• **Source records**:
+===+

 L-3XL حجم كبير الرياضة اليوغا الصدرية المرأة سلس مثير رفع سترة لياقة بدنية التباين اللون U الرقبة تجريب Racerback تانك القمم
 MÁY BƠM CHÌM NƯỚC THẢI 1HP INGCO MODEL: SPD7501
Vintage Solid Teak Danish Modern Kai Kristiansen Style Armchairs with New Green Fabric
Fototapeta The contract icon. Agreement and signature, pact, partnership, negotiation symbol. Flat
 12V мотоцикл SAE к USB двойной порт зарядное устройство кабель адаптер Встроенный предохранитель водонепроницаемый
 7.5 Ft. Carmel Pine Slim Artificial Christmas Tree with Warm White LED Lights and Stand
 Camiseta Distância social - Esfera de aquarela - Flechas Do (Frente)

+===+

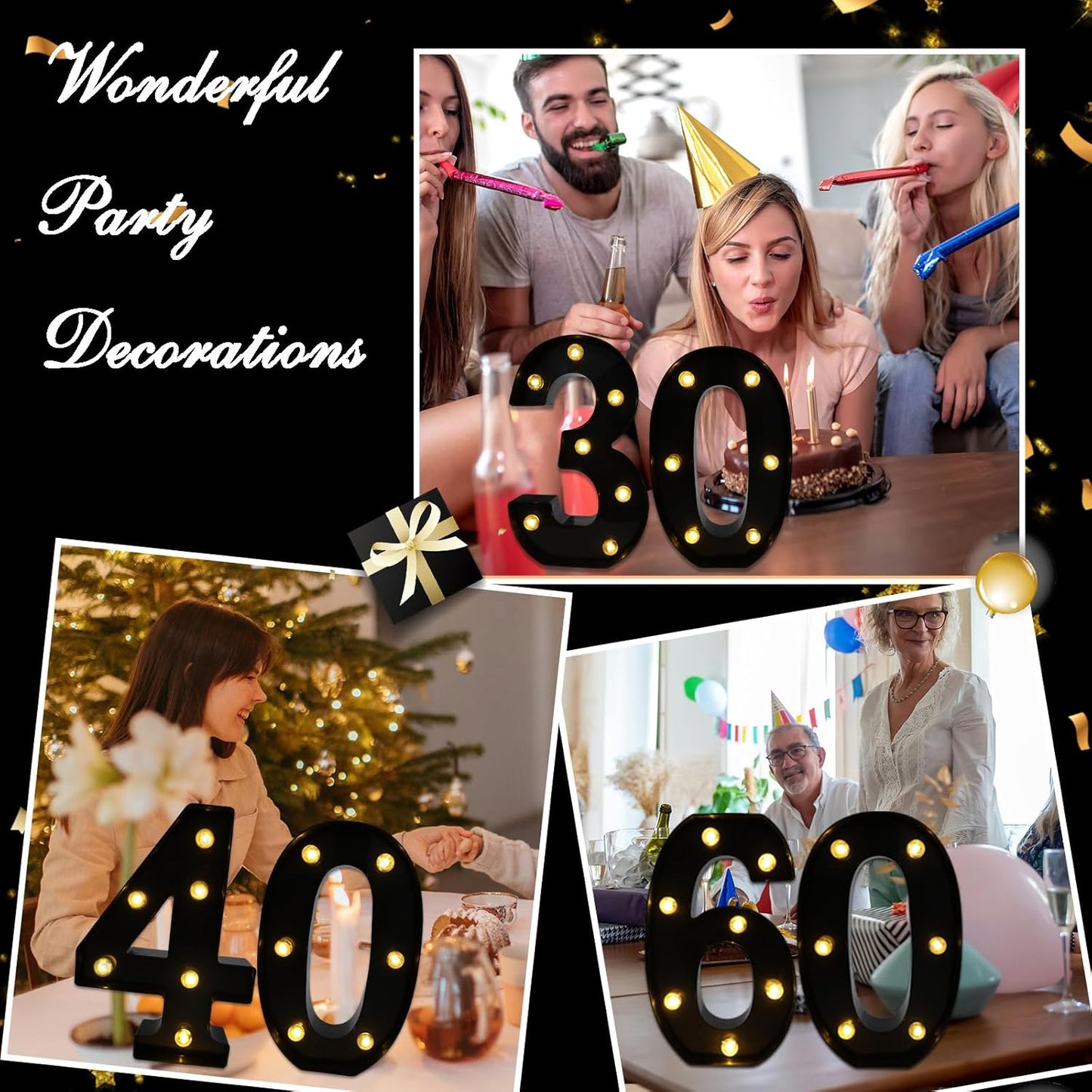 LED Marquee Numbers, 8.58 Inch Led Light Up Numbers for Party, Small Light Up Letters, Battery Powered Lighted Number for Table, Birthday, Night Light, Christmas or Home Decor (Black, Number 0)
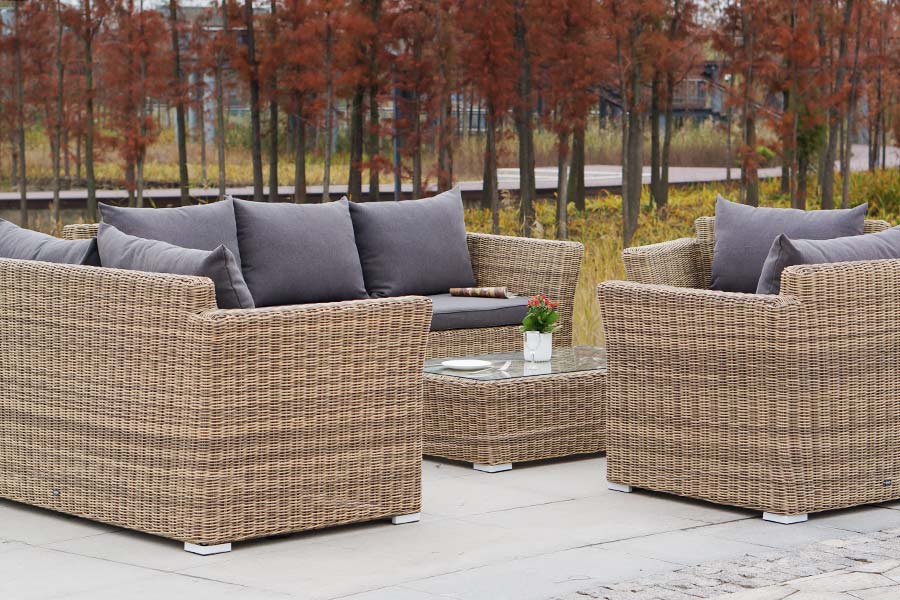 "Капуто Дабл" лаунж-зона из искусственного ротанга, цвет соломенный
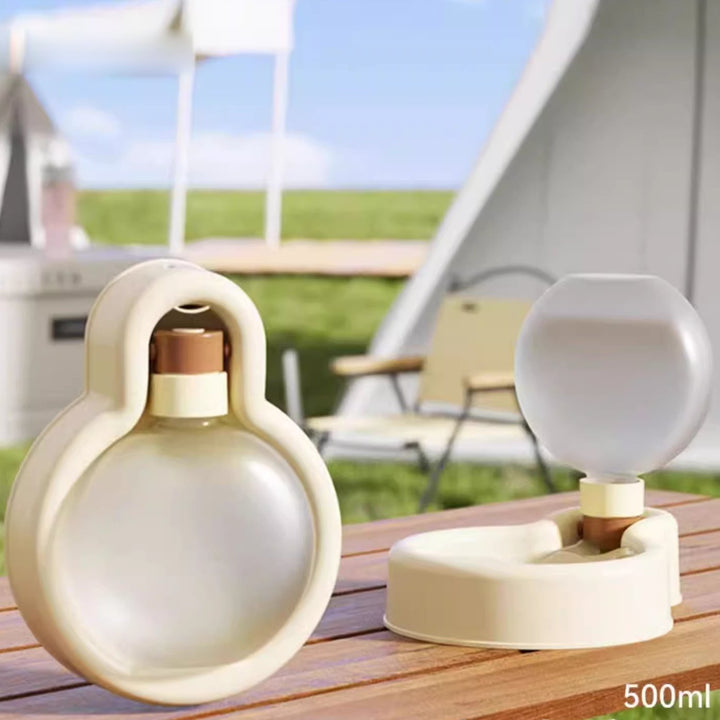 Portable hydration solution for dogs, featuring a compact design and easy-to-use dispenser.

+===+

• **Directions**: In the listing above, find the line containing "L-3XL حجم كبير" and the line containing "Camiseta Distância social", then quote both, plus every line between them, exactly as written.

• **Answer**:
 L-3XL حجم كبير الرياضة اليوغا الصدرية المرأة سلس مثير رفع سترة لياقة بدنية التباين اللون U الرقبة تجريب Racerback تانك القمم
 MÁY BƠM CHÌM NƯỚC THẢI 1HP INGCO MODEL: SPD7501
Vintage Solid Teak Danish Modern Kai Kristiansen Style Armchairs with New Green Fabric
Fototapeta The contract icon. Agreement and signature, pact, partnership, negotiation symbol. Flat
 12V мотоцикл SAE к USB двойной порт зарядное устройство кабель адаптер Встроенный предохранитель водонепроницаемый
 7.5 Ft. Carmel Pine Slim Artificial Christmas Tree with Warm White LED Lights and Stand
 Camiseta Distância social - Esfera de aquarela - Flechas Do (Frente)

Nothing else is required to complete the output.